To address the issues above, in this work we focus on pose face transformation for visual data augmentation using the Generative Adversarial Networks. We propose a novel GAN framework that enables a controlled synthesis of new face images from a single source face image given a driving face image while preserving the subject identity. The framework is trained in self-supervised settings using pairs of source and driving face images. To demonstrate the performance of our model, some face verification experiments are conducted using our proposed pose augmentation strategies. The framework architecture is described in Section 3, and the self-supervised training method in Section 4.
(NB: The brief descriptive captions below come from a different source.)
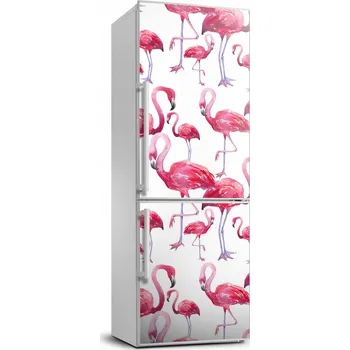 Fototapeta Samolepka na ledničku, fólie na ledničku, Plameňáci 70x190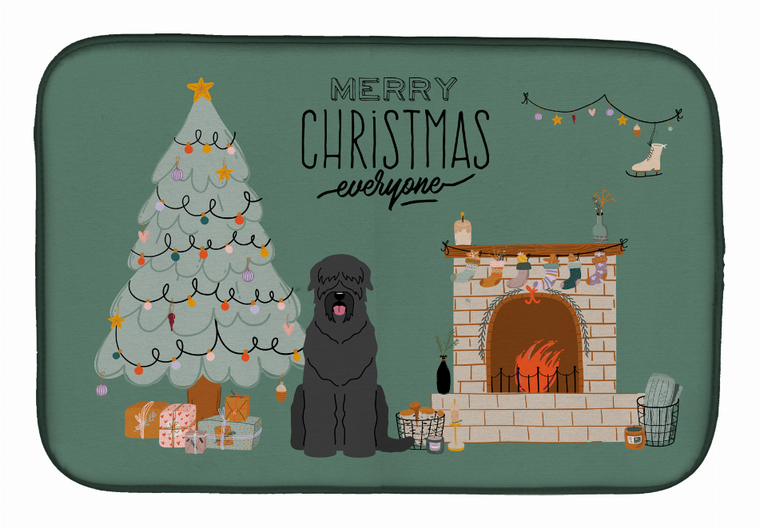 Dog Christmas Everyone Dish Drying Mat - 194030340189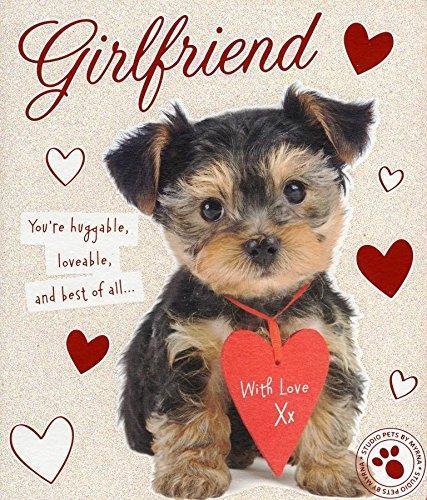 Girlfriend Cute Puppy Dog Valentine's Day Greeting Card Studio Pets Cards 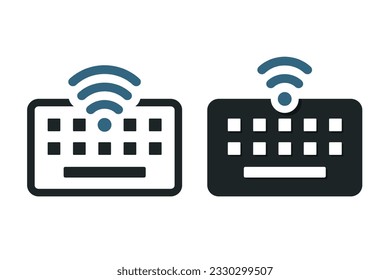 Keyboard wireless icon. Illustration vector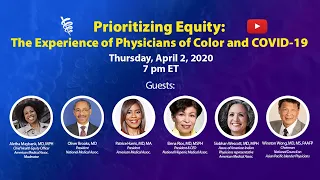 The Experience of Physicians of Color and COVID-19 | Prioritizing Equity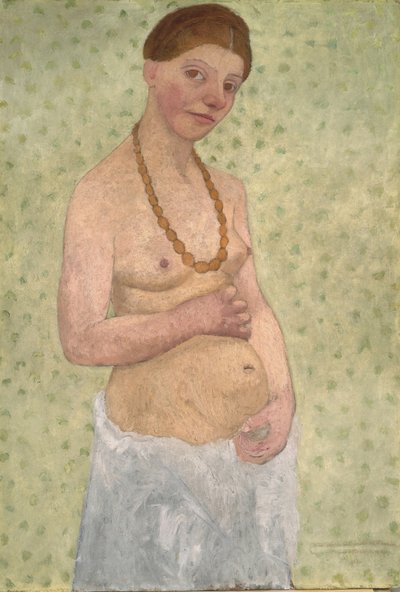 Autoportrait au sixième anniversaire de mariage, 1906 - Paula Modersohn Becker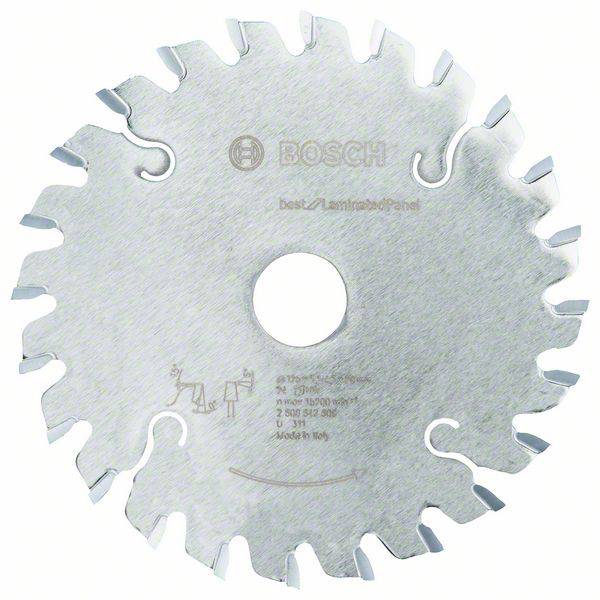 Bosch Accessories Best for Laminated Panel 2608642609 Vorritzsägeblatt 125 x 20 x 4.3 mm Zähneanzah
To conclude, our contributions are: We present the Pose Face Augmentation GAN (PFA-GAN) that can transform a pose of a source face image using another face image while preserving the identity of the source image, as well as the pose and the expression of the driving face image. The proposed framework consists of an identity encoder network, a pose encoder network, a generator, and a discriminator. We introduce a novel method for training the network in fully self-supervised settings using a large-scale dataset of unconstrained face images. We introduce some augmentation strategies that demonstrate how a baseline training set can be augmented to increase the pose variations. We conduct some comparative experiments on face verification. Our results clearly show that the augmented datasets based on our method outperform the baseline methods.
2D/3D Model-Based
Feng et al. (2017) proposed a 2D-based method to generate profile virtual faces with out-of-plane pose variations. They built a PCA-based shape model to control only the yaw rotations since the pose varies with the same rotation direction of the original shape, i.e. left or right. Meanwhile, many approaches employed 3D face models for face pose translation (Crispell et al., 2017; Blanz and Vetter, 1999; Zhu et al., 2016; Guo et al., 2017). Crispell et al. (2017) use a 3D face shape estimation method, followed by a rendering pipeline for arbitrarily reposing of faces and altering the light conditions. Although the results of the face re-lighting method are good, reposing of the face produces many distortions in its structure. In addition, the background is not fixed since it is rotated along with the direction of the face rotation. Blanz and Vetter (1999) proposed a method to estimate a 3D morphable face model by transforming the shape and the texture of a face image into a vector space representation. Then, faces with new poses and expressions can be modelled by modifying the estimated parameters to match the target 3D face model. This method is good at generating faces with small poses, but it failed with large poses due to the serious loss of the facial texture. Furthermore, some additional steps are required at synthesizing facial expressions such as smiling to generate the hidden regions (e.g. the teeth). Zhu et al. (2016) introduced the 3D Dense Face Alignment (3DDFA) algorithm to solve face alignment in large poses. 3DDFA has also been used to profile faces, which means synthesizing the face appearances in profile view from medium pose samples by predicting the depth of face image. However, this augmentation method reduces the realism of the generated images. Guo et al. (2017) proposed a face inverse rendering method (3DFaceNet) to recover geometry and lighting from a single image. With that, they can generate new face images with different attributes. Nevertheless, their inverse rendering procedure has limitations, and it may lead to inaccurate fitting for face images (e.g. estimating the coarse face geometry and pose parameters from a face image).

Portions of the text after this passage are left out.